» **Task details**:
Output all the entries word for word. Omit the pictures.

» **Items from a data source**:
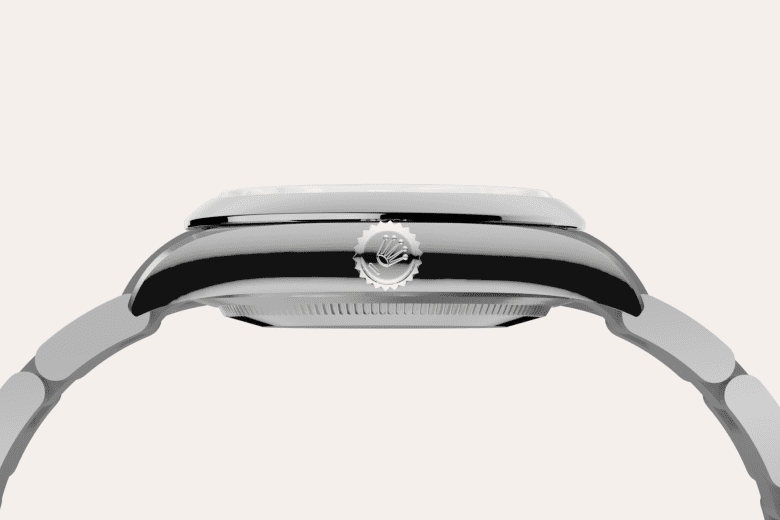 rolex Oyster Perpetual em Aço Oystersteel, m124200-0007 - Pedrart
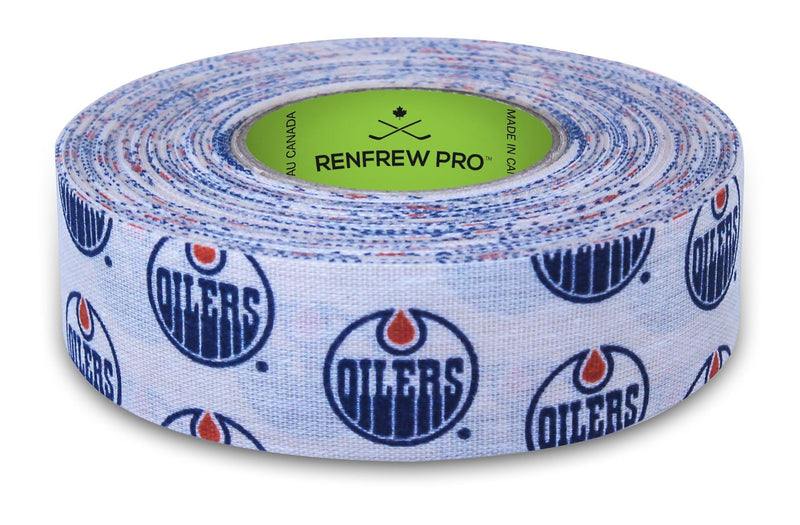 Renfrew Hockey Stick Tape, Edmonton Oilers G1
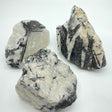 Large Raw Black Tourmaline With Quartz -Wholesale Crystals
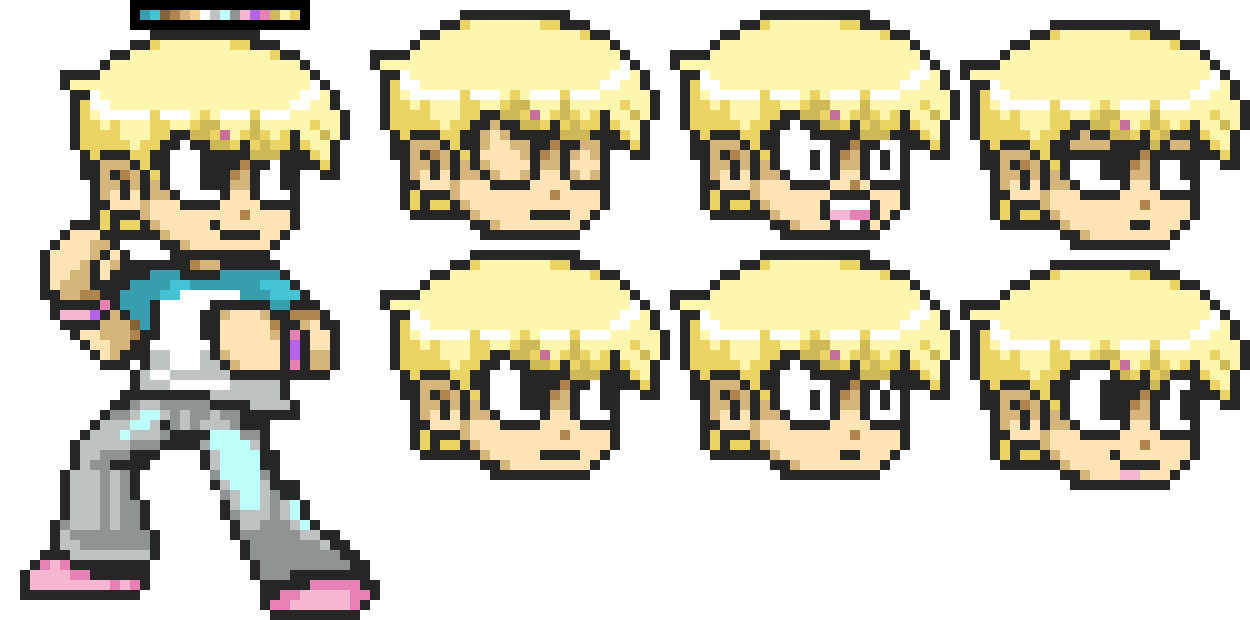 Frodo's Pallet! (Updated)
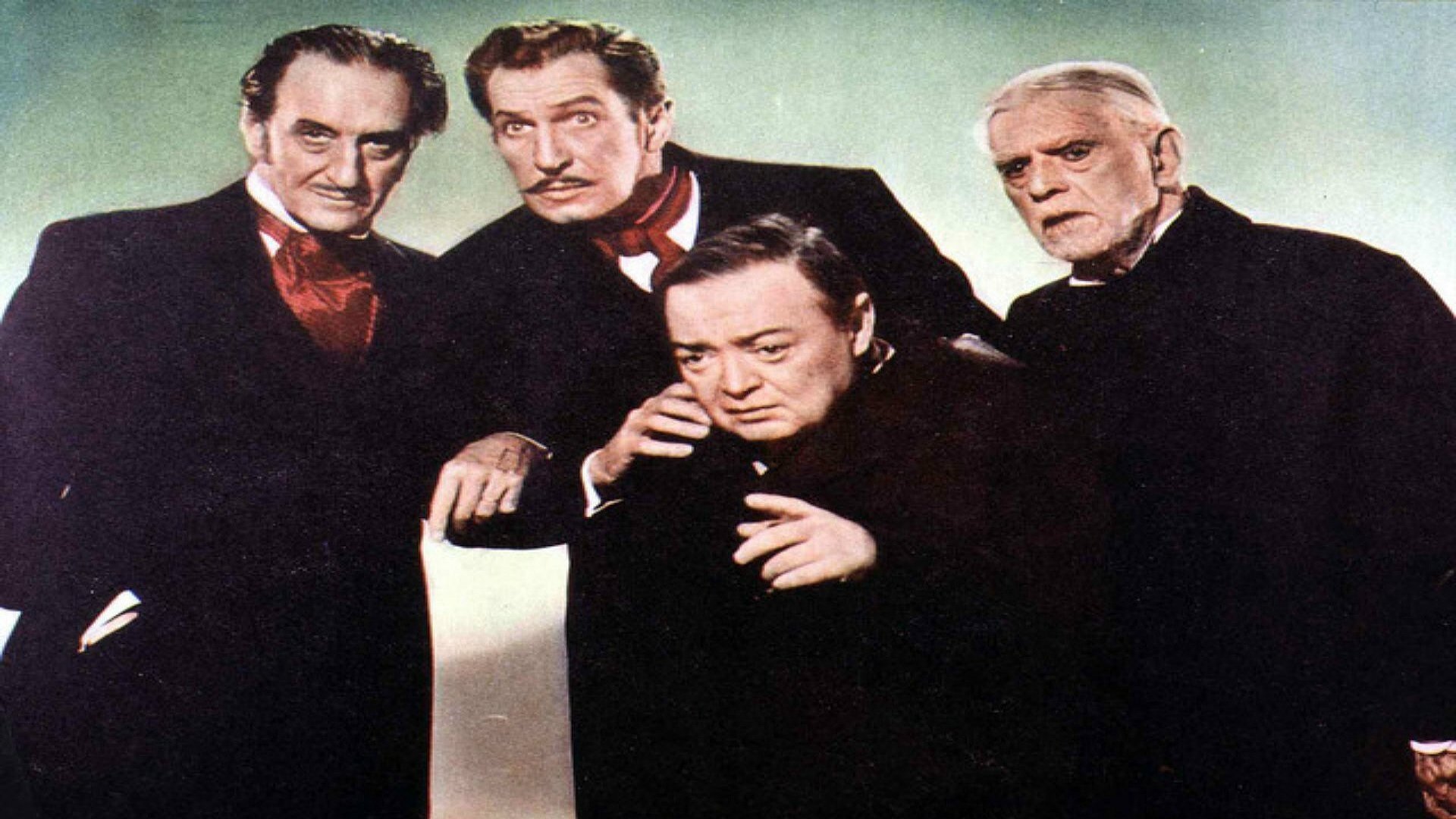 Movie scene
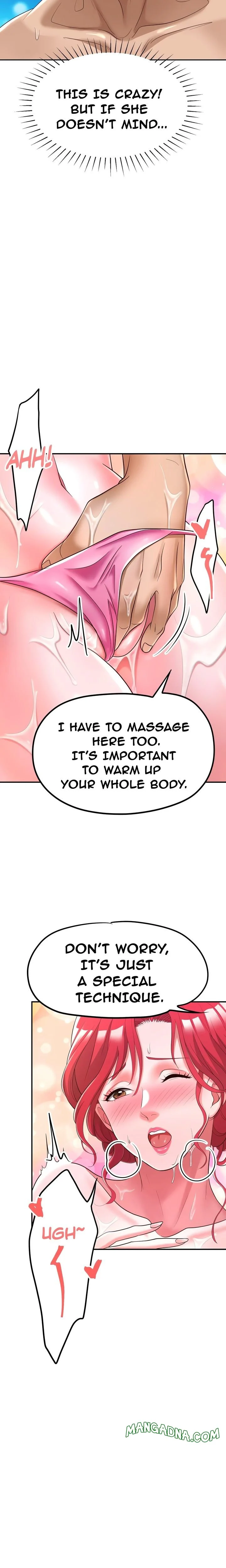 Stepmom Comes First (Uncensored) chapter 2 page 9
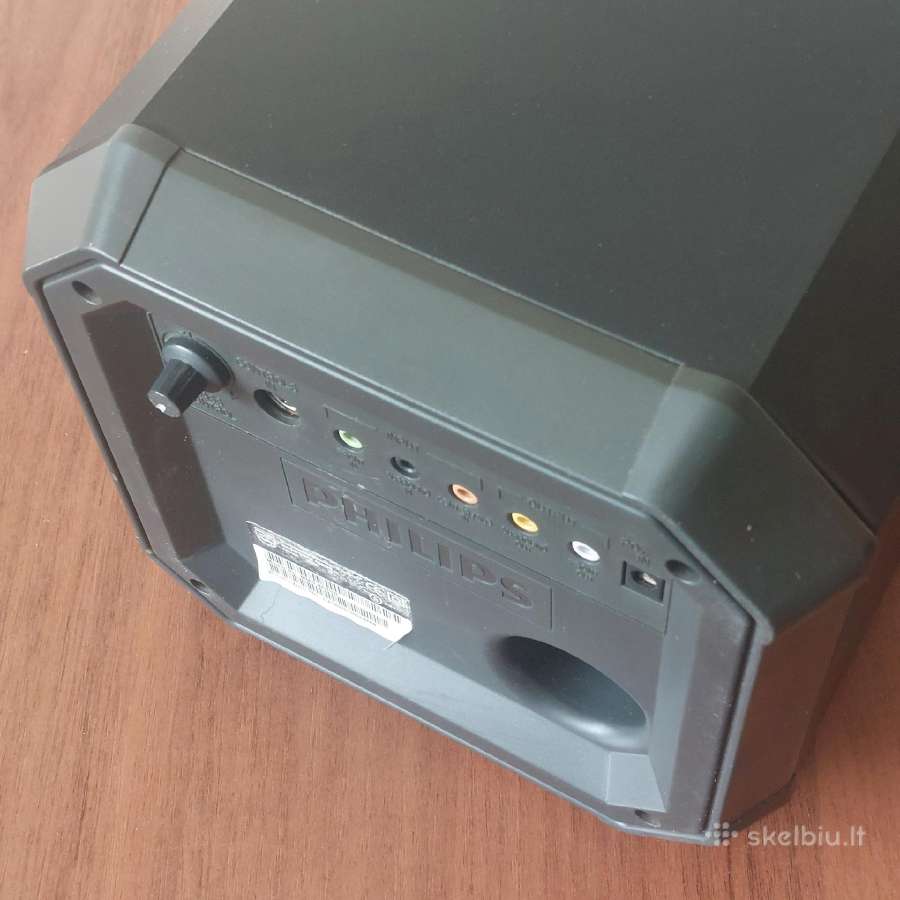 Garso kalonėlės ir Ac adapteris - nuotraukos Nr. 11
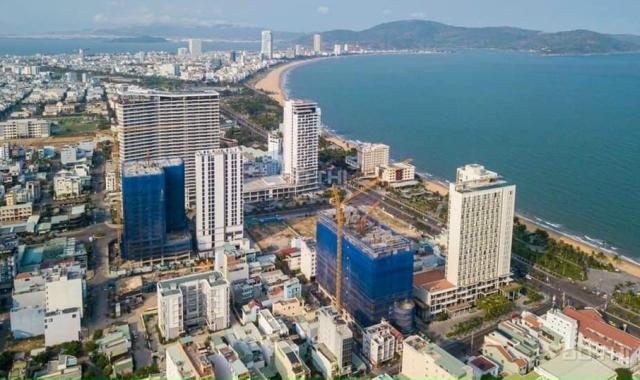 Bán căn hộ Melody Quy Nhơn, vị trí trung tâm, ngay biển, chiết khấu 23%. LH: 0931914941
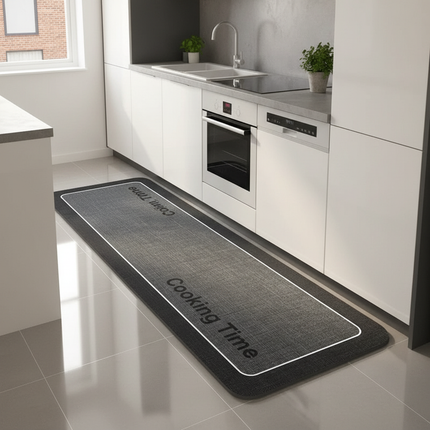 Modern Apartment Kitchen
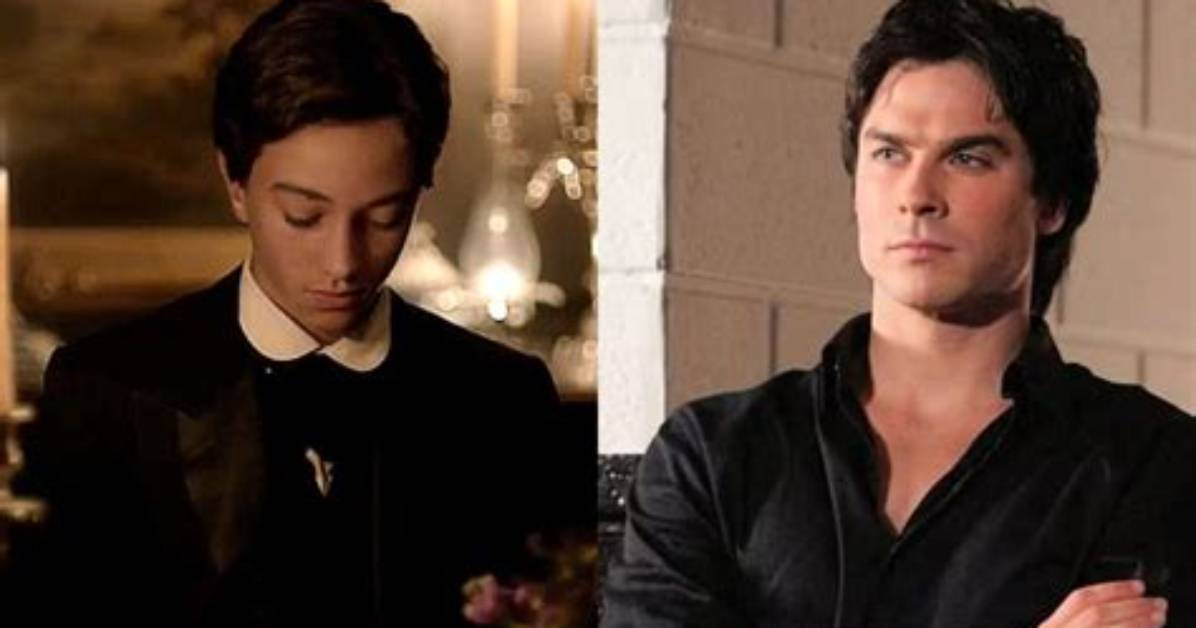 How Old Was Damon When He Turned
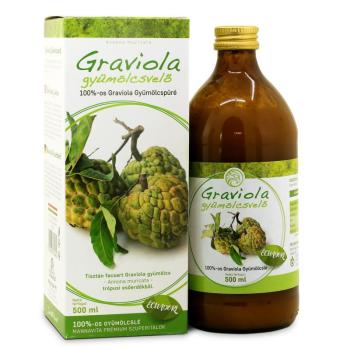 Mannavita Graviola Gyümölcsvelő 3000ml (5 + 1 ajándék) kép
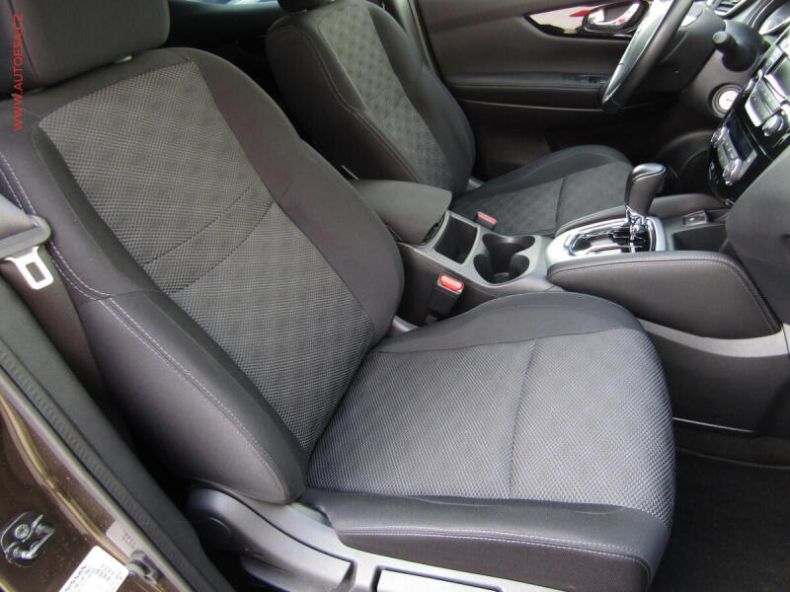 Nissan Qashqai - hlavní fotka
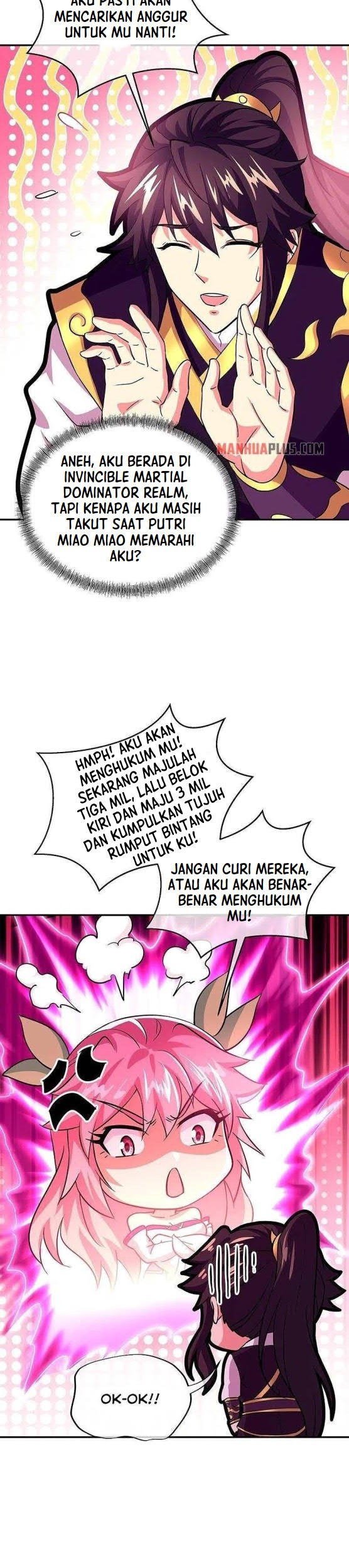 Peerless Soul Chapter 326 - halaman 37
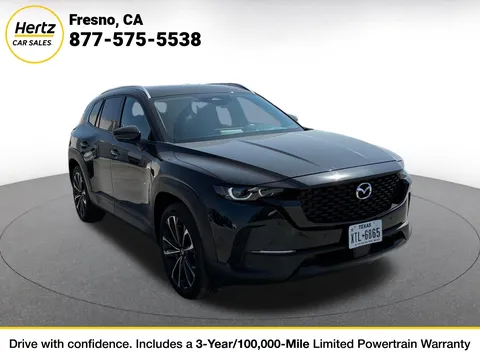 2026 Mazda CX-50 2.5 S Premium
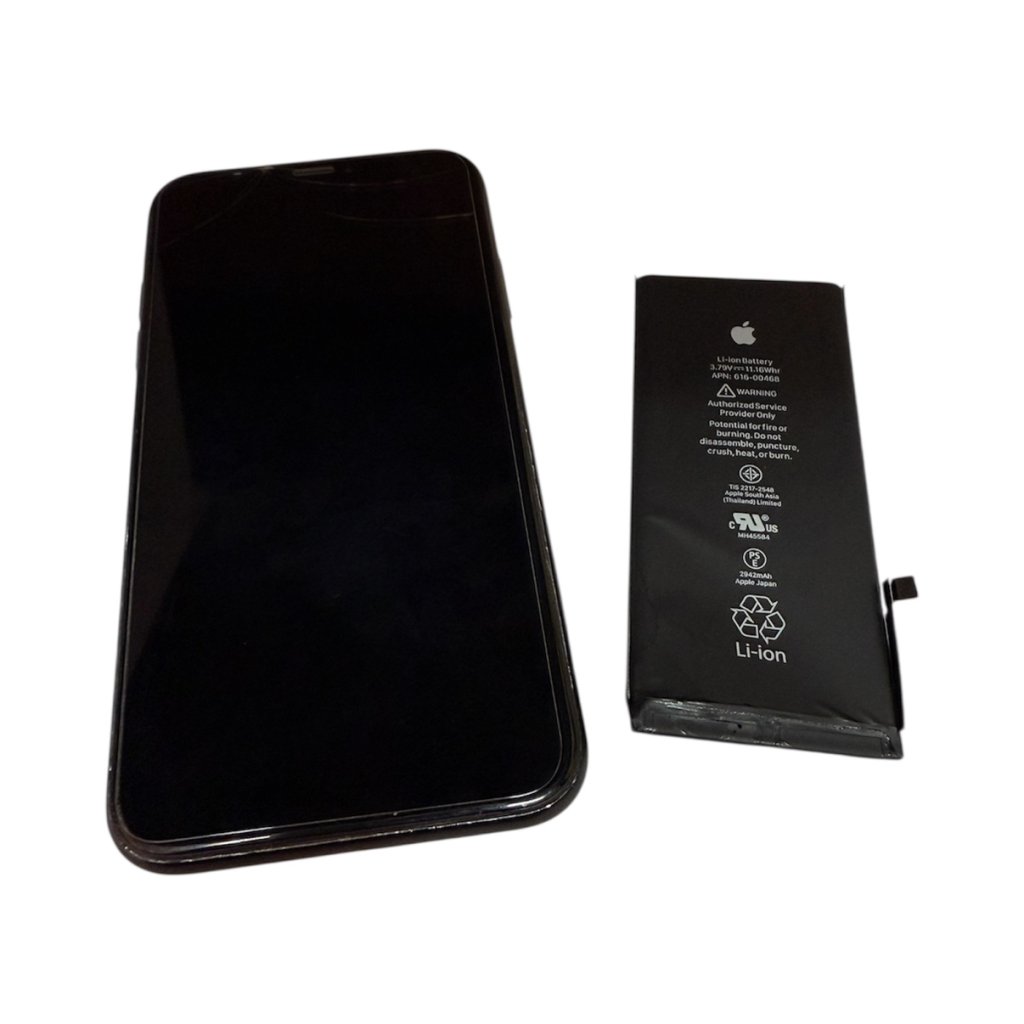 iPhone11 バッテリー交換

» **Response**:
 rolex Oyster Perpetual em Aço Oystersteel, m124200-0007 - Pedrart
 Renfrew Hockey Stick Tape, Edmonton Oilers G1
 Large Raw Black Tourmaline With Quartz -Wholesale Crystals
 Frodo's Pallet! (Updated)
 Movie scene
 Stepmom Comes First (Uncensored) chapter 2 page 9
 Garso kalonėlės ir Ac adapteris - nuotraukos Nr. 11
 Bán căn hộ Melody Quy Nhơn, vị trí trung tâm, ngay biển, chiết khấu 23%. LH: 0931914941
 Modern Apartment Kitchen
 How Old Was Damon When He Turned
 Mannavita Graviola Gyümölcsvelő 3000ml (5 + 1 ajándék) kép
 Nissan Qashqai - hlavní fotka
 Peerless Soul Chapter 326 - halaman 37
 2026 Mazda CX-50 2.5 S Premium
 iPhone11 バッテリー交換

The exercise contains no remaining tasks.